Find the probability that the two Tan brothers are selected for the soccer team A soccer team is made of eleven players. One goal keeper, four defenders, four midfielders and two attackers. Plus Ultra FC has twenty players in its squad. There are two goal keepers, six defenders, seven midfielders and five attackers in its squad. The Tan brothers are two players in the squad. One is attacker and the other is a midfielder. Plus Ultra FC has to form up a team for an upcoming friendly match, find the probability that. 
(i) both the Tan brothers are selected for the team, and 
(ii) at most one of the Tan brothers and the older goal keeper are selected. 
My attempt: 
(i) Total number of ways to form a team is $2 \choose 1$ $6\choose4$ $7\choose4$ $5\choose2$. If both Tan brothers are selected, then we have $2\choose1$ $6\choose4$ $6\choose3$ $4\choose1$. Then we use the latter divided by the former.

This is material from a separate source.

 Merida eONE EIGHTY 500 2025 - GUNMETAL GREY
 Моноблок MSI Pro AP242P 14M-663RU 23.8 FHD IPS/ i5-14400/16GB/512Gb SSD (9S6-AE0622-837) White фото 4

Is this correct?
(ii) No idea how to solve it. Any hint is appreciated. 
 A: For (i) You select 3 midfielders out of 6 ( because one of the brother has occupied one place) and 1 attacker out of 4 (same reason). Thus $C(6,3)\times C(4,1)\times C(2,1)\times C(6,4)$. this includes your goalkeeper and defenders too .
For (ii) You take the probability that At most one brother is selected, this means (Total-Both are selected) Although, we will strike that goal keeper selection because one old guy is already selected in the team.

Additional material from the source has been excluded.